---------- MATERIAL SHOWN ----------

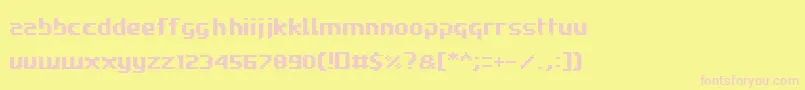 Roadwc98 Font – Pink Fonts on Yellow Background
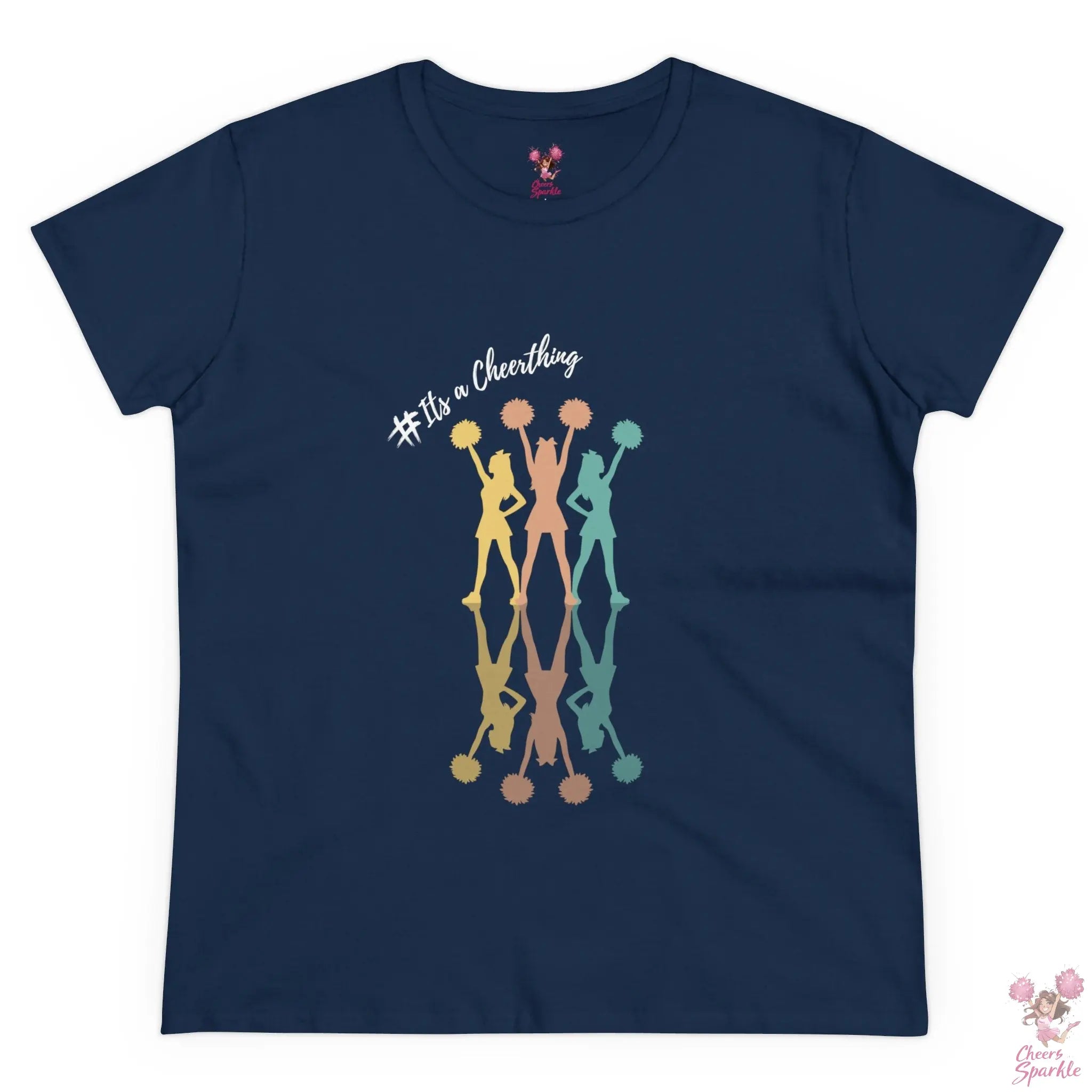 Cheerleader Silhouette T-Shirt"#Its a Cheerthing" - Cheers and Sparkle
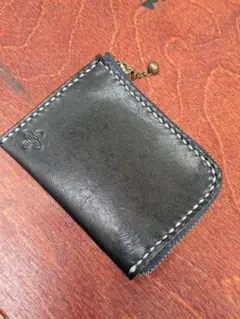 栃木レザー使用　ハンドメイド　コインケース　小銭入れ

----------
---------- MATERIAL SHOWN ----------

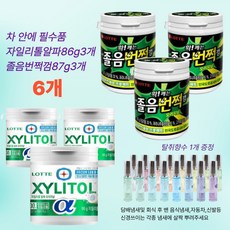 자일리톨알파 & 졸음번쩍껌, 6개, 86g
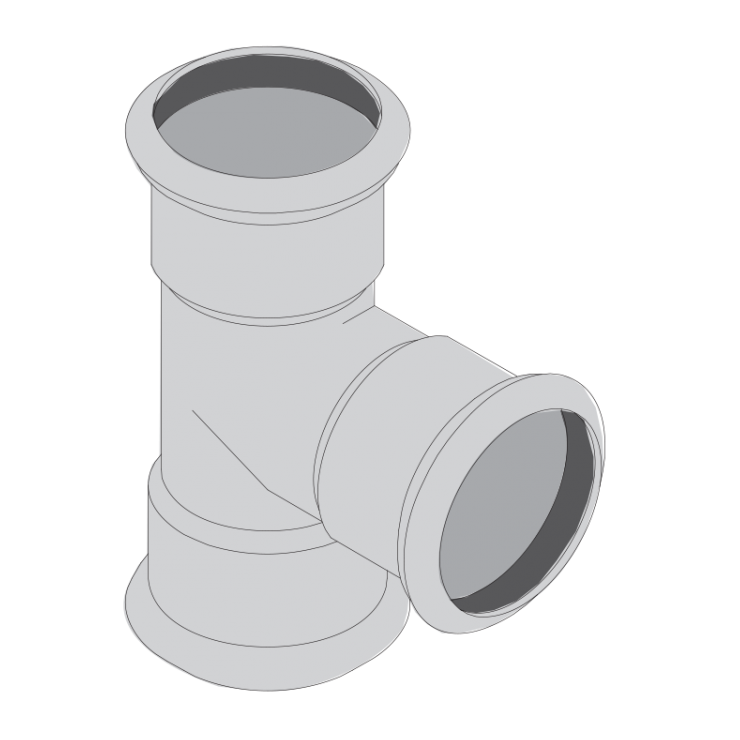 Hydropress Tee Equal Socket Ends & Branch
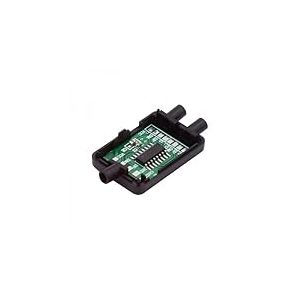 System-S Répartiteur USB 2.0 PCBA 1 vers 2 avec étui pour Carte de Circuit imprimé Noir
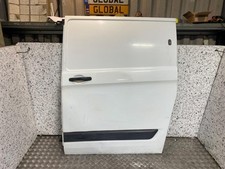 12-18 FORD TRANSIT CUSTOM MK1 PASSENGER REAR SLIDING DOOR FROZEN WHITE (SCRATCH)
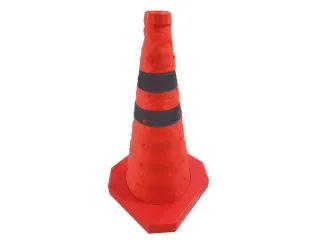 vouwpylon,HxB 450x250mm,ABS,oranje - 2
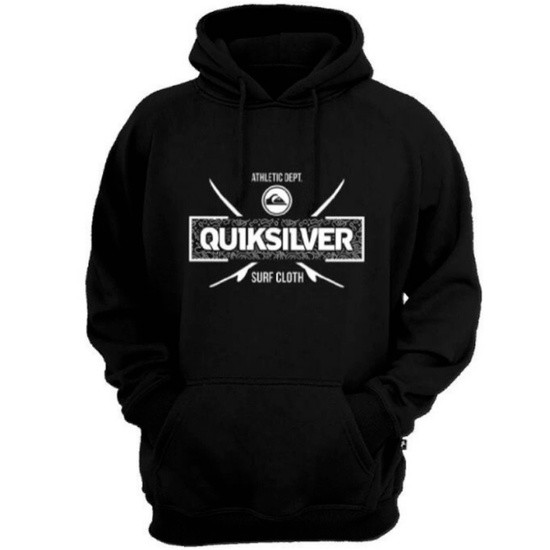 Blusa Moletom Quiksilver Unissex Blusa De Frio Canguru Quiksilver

----------

- **WHAT YOU SHOULD DO**: Go to the line above that contains "Roadwc98 Font –" and reproduce everything exactly from there through the line that contains "栃木レザー使用　ハンドメイド　コインケース　小銭入れ", leaving out the pictures.

- **YOUR RESPONSE**:
 Roadwc98 Font – Pink Fonts on Yellow Background
 Cheerleader Silhouette T-Shirt"#Its a Cheerthing" - Cheers and Sparkle
 栃木レザー使用　ハンドメイド　コインケース　小銭入れ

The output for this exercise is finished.